[Assigned task] Pull out every line from the line containing "29368 Batters Box, Lake" through the end of the material, both ends included, and reproduce it exactly. Keep pictures out.

[Available data]

--- START ---

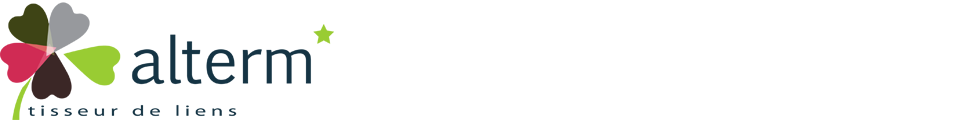 Alterm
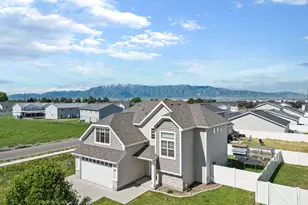 1115 N 480 W, Logan, UT 84321 - Photo 5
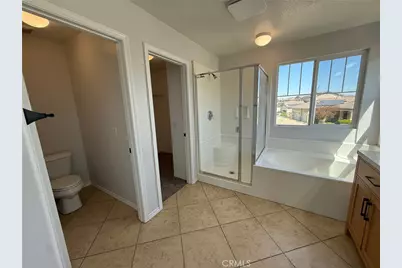 29368 Batters Box, Lake Elsinore, CA 92530 - Photo 9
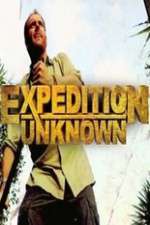 Watch Expedition Unknown Vumoo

--- END ---

[Solution to this exercise]
 29368 Batters Box, Lake Elsinore, CA 92530 - Photo 9
 Watch Expedition Unknown Vumoo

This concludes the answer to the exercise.